TEHRAN –(Iranart)- The divan of Magtymguly Pyragy, an Iranian-Turkmen poet who lived during the 18th century, has been translated into Persian.
A team of translators consisting of Mashhadqoli Qezel, Musa Jorjani, Hajji Mohammad Qaranjik, Khal-Mohammad Peqeh and Asher-Mohammad Raufi has spent eight years rendering the collection into Persian, the team announced in a press release published by IRNA on Wednesday.
The collection translated in 95 sessions will be published in four volumes in the near future.
Magtymguly Pyragy, also spelled Makhtumqoli Faraghi, was a Turkmen spiritual leader, philosophical poet and Sufi who is considered to be the father of Turkmen literature and the most famous figure in Turkmen literary history.
Born in C. 1733 in Hajjigowshan, a village near Gonbad-e Qabus in the modern-day province of Golestan, Iran, Magtymguly received his early education in the Persian and Arabic languages from his father, Dowletmammet Azady, a leading Turkmen scholar.
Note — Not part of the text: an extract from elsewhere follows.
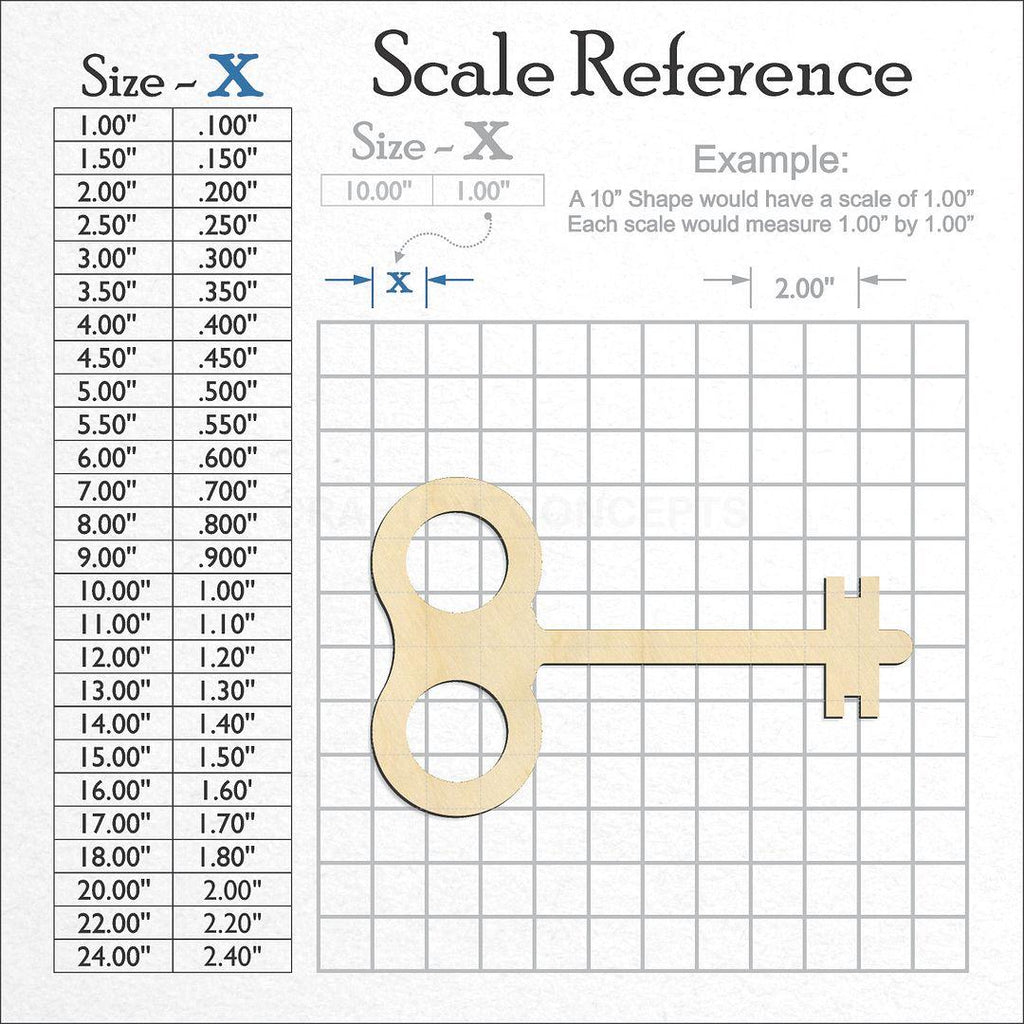 A scale and graph image showing a wood Skeleton Key-6 craft blank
Magtymguly studied in various madrassahs, including Idris Baba Madrassah in the village of Gyzyl Ayak, Sirgazy Madrassah in Khiva and Gogeldas Madrassah in Bukhara.
After returning home, Magtymguly worked as a silversmith, and taught and wrote poetry. He developed a realistic style of writing about 18th-century Turkmen that became very popular and led him to become one of the most cherished Turkmen poets of all time.
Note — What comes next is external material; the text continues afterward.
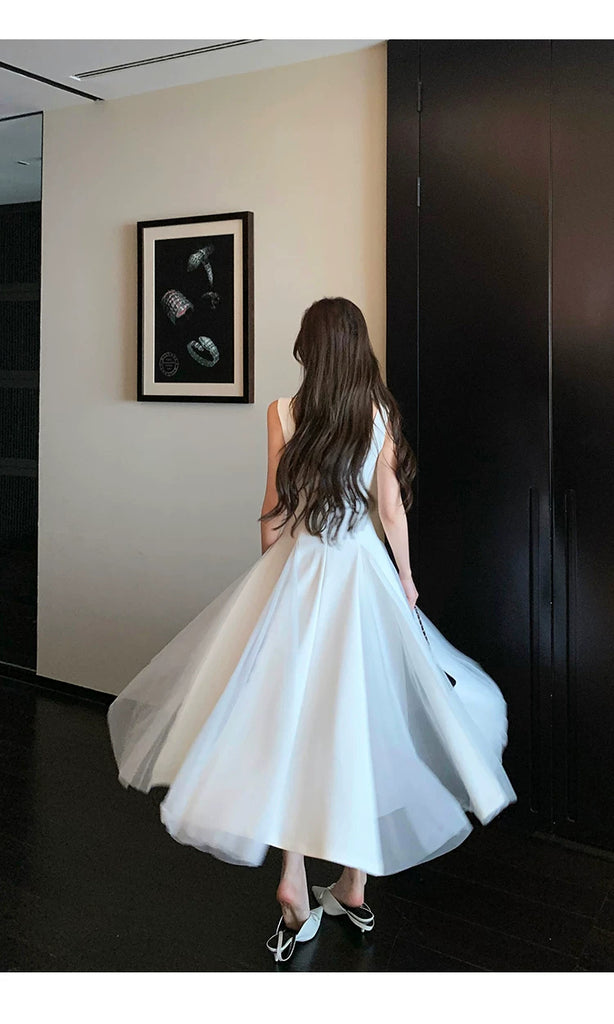 A Line Square Neck Prom Dress, Ankle Length Elegant Evening Gown CHP0461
Some of his poetry, along with stories collected from Turkmen oral traditions, suggests that he was taken prisoner, most likely in Mashhad, Iran. It is unknown who took him captive but such events were common in 18th-century Iran and the Turkmenistan region.
Magtymguly’s poetry is often personal and takes up universal themes. His work includes elegies on the deaths of his father and children, the disappearance of his brothers, incitements to Turkmen unity, tirades against unjust Muslim teachers of religion and khans, praises of Muslim religious figures, and laments over losing his lover to another man.
His mausoleum is located in Aq-Tuqai village in Iran’s Golestan Province.
A 4-meter concrete sculpture of Magtymguly is scheduled to be set up in a major square of Gonbad-e Qabus, in the near future.